Your goal: The whole listing needs retyping exactly; keep the pictures out of it.

** Source data follows **

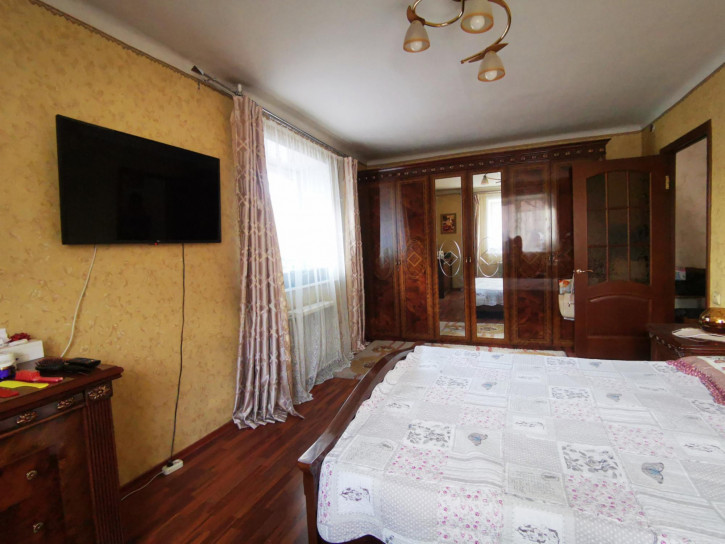 3-комн квартира Красноказачья, 2
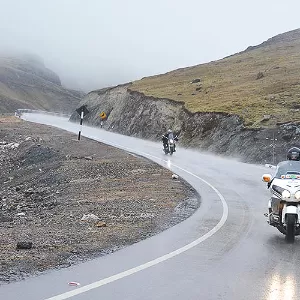  De moto pela América do Sul (resumo) (Portuguese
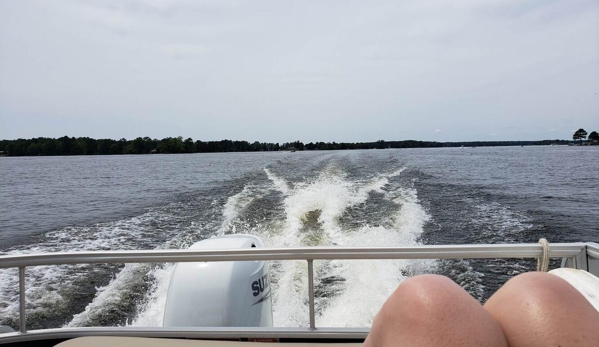 Lazy Waves Pontoon Rentals and Water Sports - Gilbert, SC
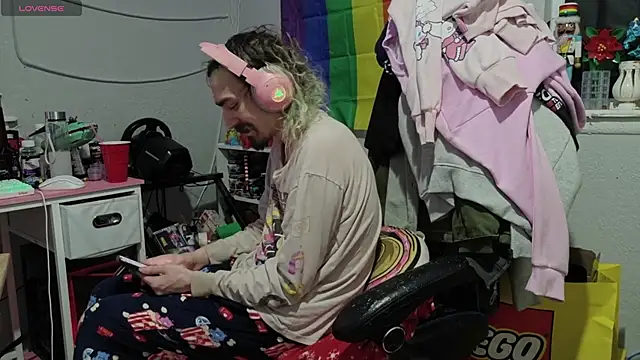 tallnerdyguy online show from February 14, 3:36 am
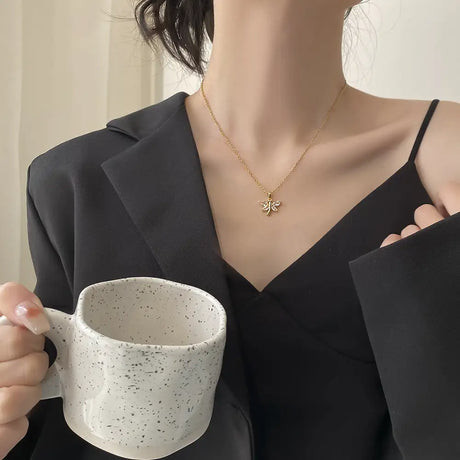 Swallow Titanium Steel Micro Zircon-laid Necklace - Lootquake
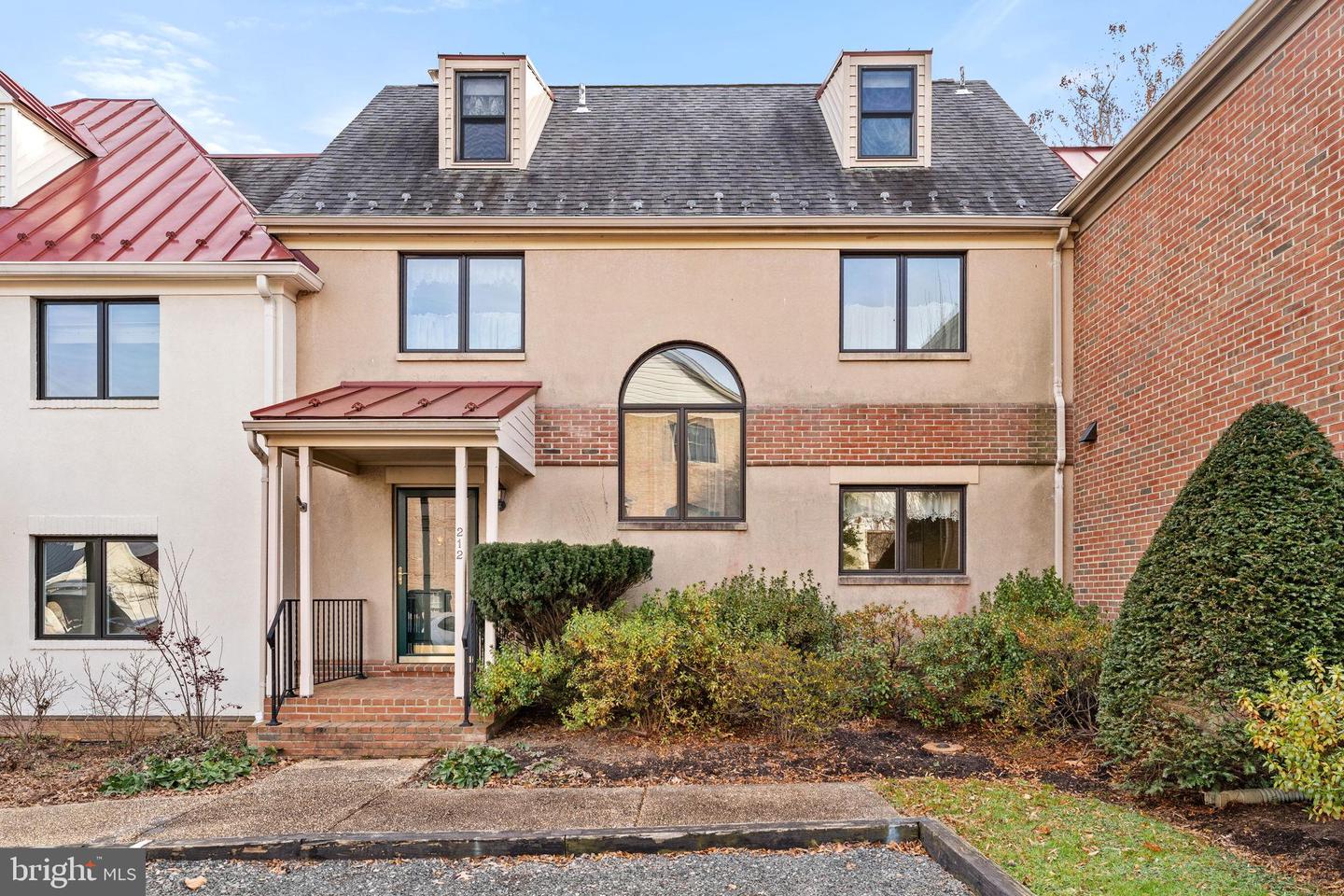 212 E MARSHALL ST, MIDDLEBURG, Virginia 20117, 3 Bedrooms Bedrooms, ,3 BathroomsBathrooms,Residential,For sale,212 E MARSHALL ST,VALO2113240 MLS # VALO2113240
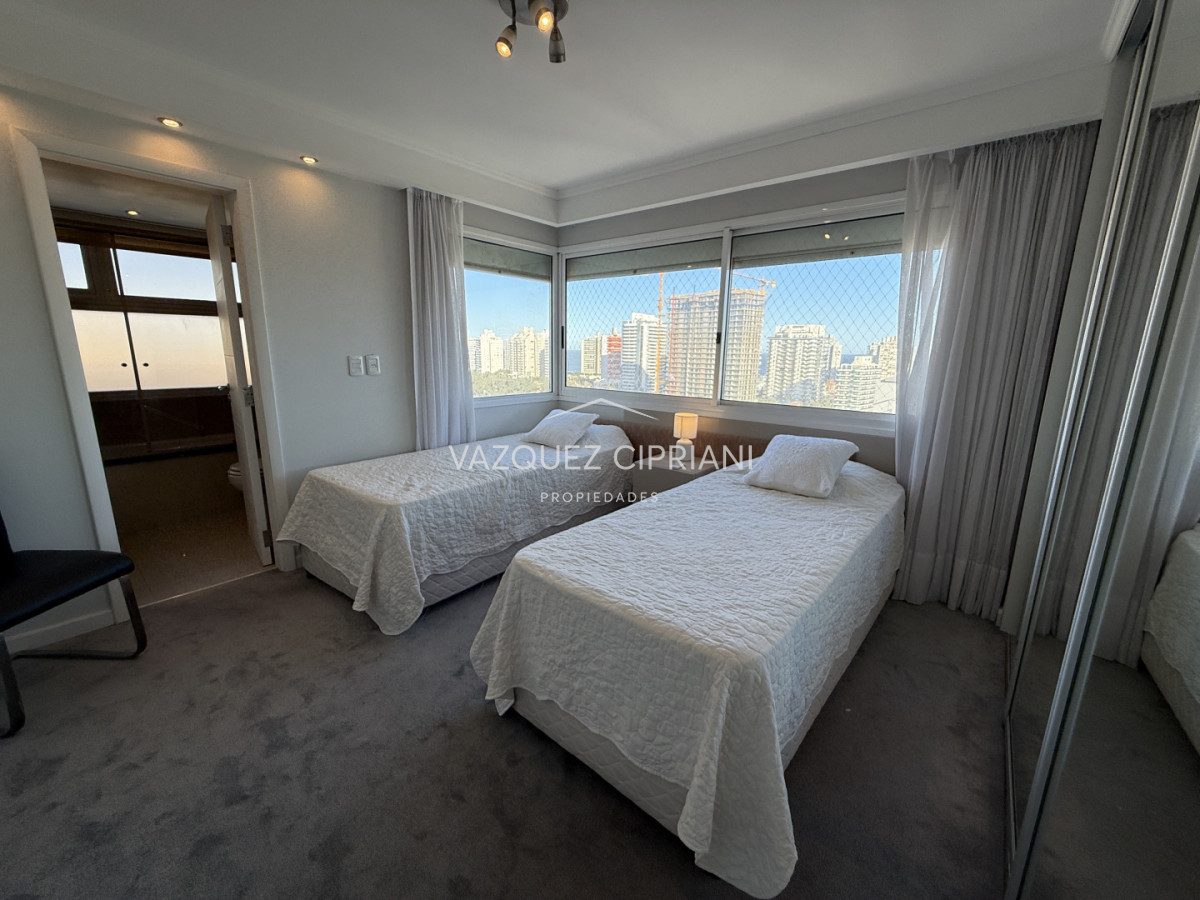 Apartamento ID.2 - En Venta departamento de 3 dormitorios en suite + dormitorio de servicio con baño, Punta del Este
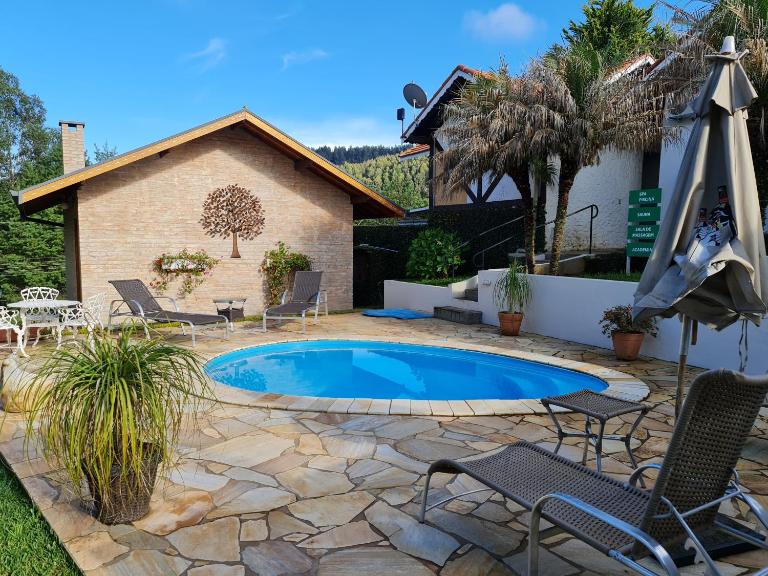 Chalés Valle Florido - B&B Monte Verde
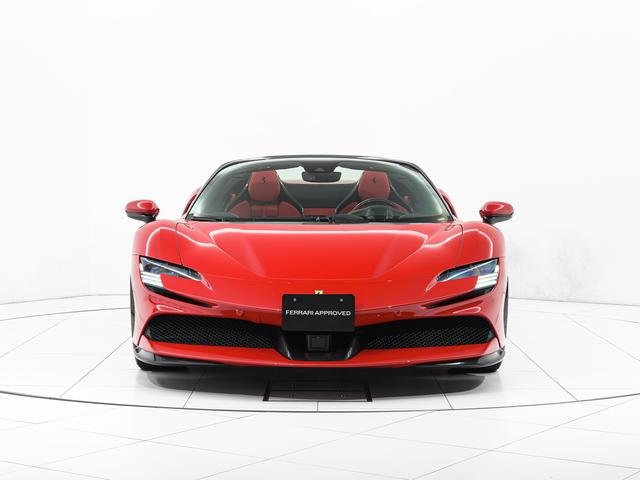 SF90スパイダー F1 DCT E4WD アップルカープレイ ADAS フェラーリ認定中古車 メーカー保証付 フェラーリ・ロードサイドアシスタンス Ferrari Approved(5枚目)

** End of Source data **

Task result:
 3-комн квартира Красноказачья, 2
  De moto pela América do Sul (resumo) (Portuguese
 Lazy Waves Pontoon Rentals and Water Sports - Gilbert, SC
 tallnerdyguy online show from February 14, 3:36 am
 Swallow Titanium Steel Micro Zircon-laid Necklace - Lootquake
 212 E MARSHALL ST, MIDDLEBURG, Virginia 20117, 3 Bedrooms Bedrooms, ,3 BathroomsBathrooms,Residential,For sale,212 E MARSHALL ST,VALO2113240 MLS # VALO2113240
 Apartamento ID.2 - En Venta departamento de 3 dormitorios en suite + dormitorio de servicio con baño, Punta del Este
 Chalés Valle Florido - B&B Monte Verde
 SF90スパイダー F1 DCT E4WD アップルカープレイ ADAS フェラーリ認定中古車 メーカー保証付 フェラーリ・ロードサイドアシスタンス Ferrari Approved(5枚目)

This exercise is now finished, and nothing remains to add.